I have been horribly indecisive about important life decisions. I feel angry at myself about that. I have ended up choosing to do nothing with each choice for change I wanted to make. That, in itself, is a choice. But I feel so bad about it. I didn’t act because I felt too much tug of resistance from my husband. Although he says he is willing to do what I want to do. He doesn’t want to do those things himself. So he undermines me in subtle ways. One example is; our whole marriage I wanted to move from where we live. He said we would when the time came. Now the time is here and he suddenly springs on me we can’t because of TAX reasons!

I feel I don’t have any right to steer the ship and do what I want to do because I didn’t earn our living, was a homemaker. I have no reason to move other than I want to have a new experience somewhere else. But, also, now I could move to be closer to all my kids who are in another state.

Now it looks like we’re staying put here. It’s a nice place. I have no right to complain tbh.

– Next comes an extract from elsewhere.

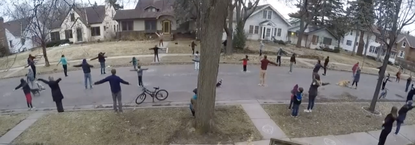 Neighbors exercise together.
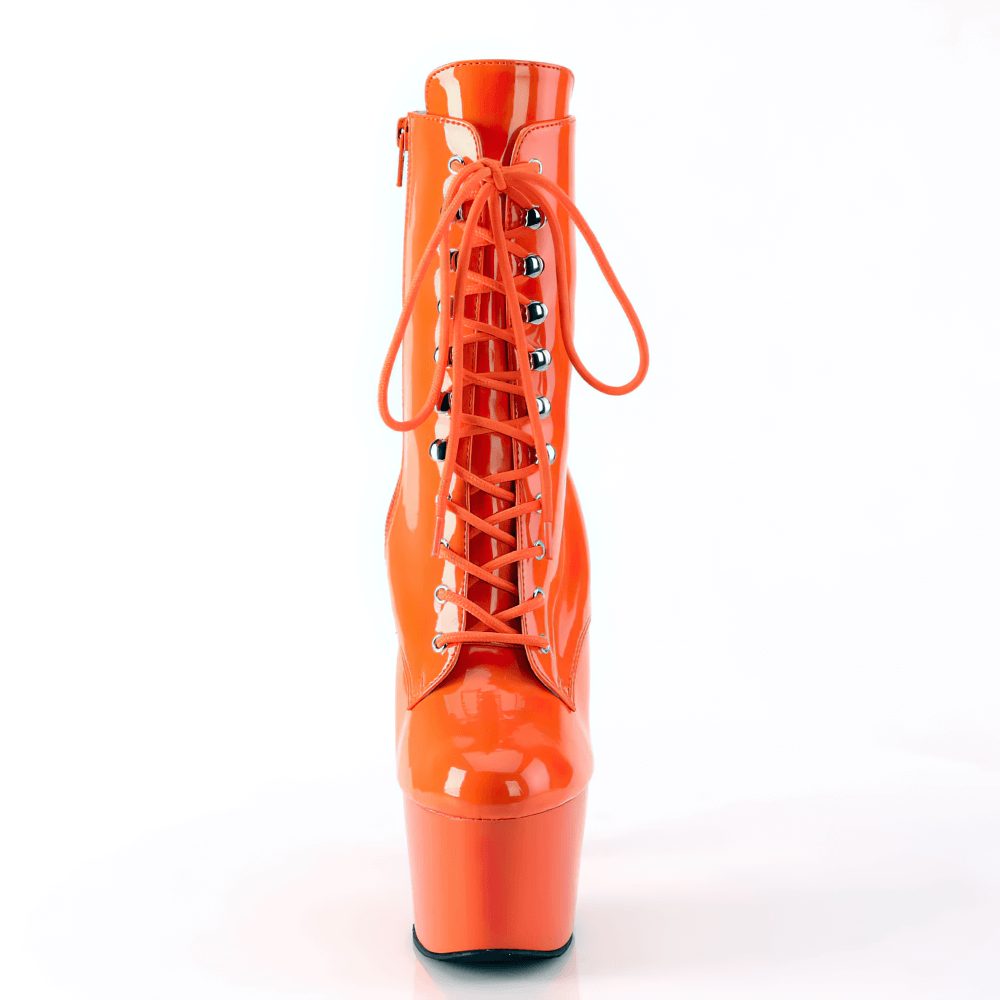 PLEASER – Auffällige, orangefarbene Stiefeletten mit Stiletto-Schnürung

There’s something in me that made me feel like I always wanted to move away from where I was from, and stuck there due to others. Maybe I’m just a malcontent person with everything. I probably won’t be happy anywhere or with anyone. It’s part of a disorder? It could also be learned from my mother always being unhappy with where we lived and wanting to move. But when I would tell her let’s move then, she’d say no. Did she just want to be discontent? Was she scared to take a chance?

Everything feels like a tug-o-war. I don’t tug. I let go of the ropes and just give up. When someone gives me resistance, I don’t want it anymore. It’s only enjoyable if everyone’s on board with a good attitude about something, whatever it is.

Learned helplessness. Is that what this is? Why do I even bother entertaining the thought of waiting to make changes and steer the direction of my life, if I’m only going to be met with resistance and give up?

I keep trying to tell myself to do nothing, say nothing, keep your head down and don’t make waves, don’t fight, be sweet and quiet and all will go better for me. Yuck! Boo me! Plus, I can’t be quiet and sweet and just go along even if I try, lol.